* **Goal of the exercise**: Give the count of lines in the records below that contain "Drive", and say nothing more.

(Crawled caption data)
%%

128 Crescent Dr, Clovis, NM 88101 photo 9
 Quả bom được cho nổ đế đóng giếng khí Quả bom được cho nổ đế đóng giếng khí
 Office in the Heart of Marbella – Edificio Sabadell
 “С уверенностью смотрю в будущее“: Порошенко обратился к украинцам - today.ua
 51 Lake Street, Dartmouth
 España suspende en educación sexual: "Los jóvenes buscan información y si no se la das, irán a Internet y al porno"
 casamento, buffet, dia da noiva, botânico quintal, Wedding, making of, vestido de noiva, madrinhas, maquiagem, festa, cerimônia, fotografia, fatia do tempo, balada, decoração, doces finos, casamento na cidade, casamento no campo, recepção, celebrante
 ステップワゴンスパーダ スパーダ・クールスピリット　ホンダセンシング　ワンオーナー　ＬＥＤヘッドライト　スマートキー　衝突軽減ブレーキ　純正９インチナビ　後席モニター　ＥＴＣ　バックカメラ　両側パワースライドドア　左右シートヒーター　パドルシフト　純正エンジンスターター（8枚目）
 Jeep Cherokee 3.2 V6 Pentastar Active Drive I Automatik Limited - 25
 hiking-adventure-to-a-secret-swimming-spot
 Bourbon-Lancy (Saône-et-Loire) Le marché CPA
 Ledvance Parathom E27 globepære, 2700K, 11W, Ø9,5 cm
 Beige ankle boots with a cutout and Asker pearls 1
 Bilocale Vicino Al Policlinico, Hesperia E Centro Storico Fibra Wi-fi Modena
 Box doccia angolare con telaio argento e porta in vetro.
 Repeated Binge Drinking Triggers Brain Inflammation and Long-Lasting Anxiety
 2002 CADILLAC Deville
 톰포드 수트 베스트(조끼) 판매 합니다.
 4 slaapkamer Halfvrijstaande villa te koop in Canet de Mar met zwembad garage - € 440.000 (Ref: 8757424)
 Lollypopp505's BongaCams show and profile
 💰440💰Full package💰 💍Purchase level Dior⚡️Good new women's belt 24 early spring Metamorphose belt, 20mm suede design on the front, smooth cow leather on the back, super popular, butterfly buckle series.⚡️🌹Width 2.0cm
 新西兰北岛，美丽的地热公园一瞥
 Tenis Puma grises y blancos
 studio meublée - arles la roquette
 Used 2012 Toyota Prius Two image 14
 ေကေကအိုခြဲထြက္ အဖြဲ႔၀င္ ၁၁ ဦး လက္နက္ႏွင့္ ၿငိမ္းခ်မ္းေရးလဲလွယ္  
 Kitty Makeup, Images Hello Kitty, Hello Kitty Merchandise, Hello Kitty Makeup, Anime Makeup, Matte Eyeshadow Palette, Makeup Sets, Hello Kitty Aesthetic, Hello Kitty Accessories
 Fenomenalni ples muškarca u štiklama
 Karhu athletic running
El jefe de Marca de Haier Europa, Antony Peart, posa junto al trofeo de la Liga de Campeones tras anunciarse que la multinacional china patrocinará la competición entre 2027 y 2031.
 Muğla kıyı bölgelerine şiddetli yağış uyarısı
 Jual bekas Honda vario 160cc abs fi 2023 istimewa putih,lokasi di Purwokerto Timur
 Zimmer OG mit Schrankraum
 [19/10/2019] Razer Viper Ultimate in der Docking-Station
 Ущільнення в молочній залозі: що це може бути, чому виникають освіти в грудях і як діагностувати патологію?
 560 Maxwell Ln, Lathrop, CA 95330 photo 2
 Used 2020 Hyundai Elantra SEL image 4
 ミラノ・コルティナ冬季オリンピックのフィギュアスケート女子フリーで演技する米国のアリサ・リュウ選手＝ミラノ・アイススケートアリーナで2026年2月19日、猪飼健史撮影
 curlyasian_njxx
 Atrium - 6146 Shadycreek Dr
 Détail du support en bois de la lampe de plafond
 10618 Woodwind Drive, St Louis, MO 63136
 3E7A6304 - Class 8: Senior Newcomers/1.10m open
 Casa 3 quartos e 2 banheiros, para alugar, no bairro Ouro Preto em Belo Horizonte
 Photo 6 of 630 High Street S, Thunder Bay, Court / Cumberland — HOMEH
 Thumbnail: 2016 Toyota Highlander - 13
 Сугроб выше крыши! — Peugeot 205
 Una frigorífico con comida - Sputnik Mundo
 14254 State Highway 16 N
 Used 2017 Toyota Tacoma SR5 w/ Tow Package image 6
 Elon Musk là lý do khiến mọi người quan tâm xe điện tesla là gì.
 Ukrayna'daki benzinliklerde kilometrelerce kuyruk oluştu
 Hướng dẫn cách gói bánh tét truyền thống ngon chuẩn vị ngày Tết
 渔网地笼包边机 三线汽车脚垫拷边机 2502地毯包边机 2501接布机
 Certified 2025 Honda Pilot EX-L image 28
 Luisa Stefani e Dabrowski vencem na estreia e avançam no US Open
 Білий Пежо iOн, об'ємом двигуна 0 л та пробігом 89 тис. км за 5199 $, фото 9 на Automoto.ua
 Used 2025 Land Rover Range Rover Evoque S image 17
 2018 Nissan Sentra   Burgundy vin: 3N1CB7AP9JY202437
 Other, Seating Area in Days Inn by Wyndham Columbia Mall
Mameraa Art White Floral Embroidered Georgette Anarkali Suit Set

%%

* **Expected answer**: 2